It has been nearly 2 years since I started working at Agency Revolution, a team working on a software platform that utilizes Microservices architecture to build a highly scalable system for Automation Marketing. It comes with both pros and cons when building a Microservices system from scratch and I’m not for nor against Microservices. There are many articles and books on the Internet talking about the advantages of Microservices so I’m not going to write another post about the benefits of using Microservices. This post is just a summary of my experience and the difficulties after 2 years working with it as well as how we deal with those issues to get the most value of Microservices.
First, let me introduce a bit about the tech stack that we are using. We have been running our application on our private server for about 2 years before migrating to Google Cloud Platform. There are 3 types of service in the system. They are
- HTTP services: the services for handling synchronous requests, the requests that need the response immediately (e.g. requests from frontend to display for users)
- Google PubSub workers: the services for handling asynchronous requests. They are queued for later processing in the background and ensured by Google PubSub
- Timer workers: The services that run at intervals.
HTTP services are used for handling simple requests, which can be completed within milliseconds/seconds. For the long-running tasks, we published a message to Google PubSub and schedule it to be processed later by the Google PubSub workers. Each of them is deployed and scaled as a pod in Kubernetes.
First problem - Overhead before you can get the scalability to work
Microservices add quite a lot of unnecessary overhead in the beginning, both human and computing resources.
Computing Resources overhead
One thing that you have to pay for is the performance cost of starting a lot of small processes. If your resources are limited, this can slow down the whole system. You need to think carefully when you start with a full Microservices system from scratch whether you really need to break down the whole system into smaller parts, whether you have enough computing power or how large you will scale your application.
Imagine that there are about 10 modules in your system for 10 different domain business. If you are building a Microservices system, you will probably split your application into many smaller services, one for each domain. Each of them may be implemented using a simple HTTP JSON Api server. Instead of calling the exposed functions each module provides like in the monolithic design, you will have to initiate an http request calling to the corresponding service, get the response data and continue processing. The problem arises when there are many modules/services that are rarely used, just serve a few requests per day. You still have to keep those http web servers alive to listen and process api requests. What happen when you system grows to 100 services (or more)? How many of them will actually be used/stressed all the time? Think about the isolated backing services used for each service. All of them still consumes your CPU/RAM even if they serve no requests. A monolithic application can easily share the computing resources among all the modules.

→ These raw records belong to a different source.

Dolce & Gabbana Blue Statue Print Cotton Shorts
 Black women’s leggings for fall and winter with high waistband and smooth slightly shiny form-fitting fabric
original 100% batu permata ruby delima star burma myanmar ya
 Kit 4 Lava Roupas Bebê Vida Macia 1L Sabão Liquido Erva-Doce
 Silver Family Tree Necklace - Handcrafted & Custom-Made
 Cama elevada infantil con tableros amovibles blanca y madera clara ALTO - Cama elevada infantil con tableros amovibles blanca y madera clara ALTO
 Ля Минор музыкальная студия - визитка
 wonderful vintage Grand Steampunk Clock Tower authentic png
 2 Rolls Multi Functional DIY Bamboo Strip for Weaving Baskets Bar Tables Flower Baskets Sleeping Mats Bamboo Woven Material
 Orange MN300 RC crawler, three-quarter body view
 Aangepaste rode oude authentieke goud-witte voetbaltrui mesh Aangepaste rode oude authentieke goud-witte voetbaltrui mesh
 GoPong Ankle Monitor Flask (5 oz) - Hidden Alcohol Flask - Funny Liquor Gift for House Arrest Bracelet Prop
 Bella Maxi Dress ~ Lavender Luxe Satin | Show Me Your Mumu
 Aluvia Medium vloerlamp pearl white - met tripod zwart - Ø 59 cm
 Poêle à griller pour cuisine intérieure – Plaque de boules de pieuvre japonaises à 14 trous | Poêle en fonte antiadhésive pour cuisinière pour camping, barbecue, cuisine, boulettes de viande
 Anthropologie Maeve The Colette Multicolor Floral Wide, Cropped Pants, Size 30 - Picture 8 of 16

We ran into this situation when our application grew to about 100 small services. We had to keep all the HTTP services and Google PubSub workers alive to handle HTTP requests and process messages from Google PubSub. Some workers are extremely rarely used, for example, the worker to delete one customer (runs just once or twice every month). We wasted a lot of resources keeping those small services running just to wait for incoming messages/requests. We solved this issue partially for the Google PubSub workers by implementing a Workers Scheduler service. It is a Timer worker that keeps track of messages published to Google and send requests to Kubernetes master server to create new pods and destroy running pods based on some predefined rules.
Data Transferring cost
Another overhead is the cost of transferring data through network. In a monolithic design, each function call is simply passing the reference to the real object through parameters. There is no need for cloning the object itself. However, communication between difference services requires serializing, deserializing the whole object and transfer it over the network. This can lead to a major performance issue if cross-service communication happens frequently. To solve this, you will need filter only the necessary fields before sending the object to the next service. Also, your API need to be designed in a way that allows the caller to specify the fields to return to reduce network transferring.
There are some other solutions that I believe they can improve the performance for encoding/decoding objects through services like FlatBuffers or Protobuf. I will come back to write another post about the comparison once I finished integrating one of them in the architecture.
Human Resources overhead
You also need to invest a lot of human resources in devops and setting up production pipeline in the beginning to automate the deployment of all services (yeah you can not deploy hundred of services manually!). You have to spend a lot of time on defining a standard interface for communicating between services because you cannot initiate all the remote api calls manually every time.
Testing is also a complex process, deciding whether to go with unit test in each service or integration test where one service would require many other services to be started are really matter. You can decide to mock all the dependent services but you will have to repeat this step many times if one service is consumed a lot by many others and update all the mocks when there are breaking changes in that service. You can choose another approach to start all the dependent services along with the one you need to test, but it’s also increase the overhead of setting up and making sure everything works together properly and automatically.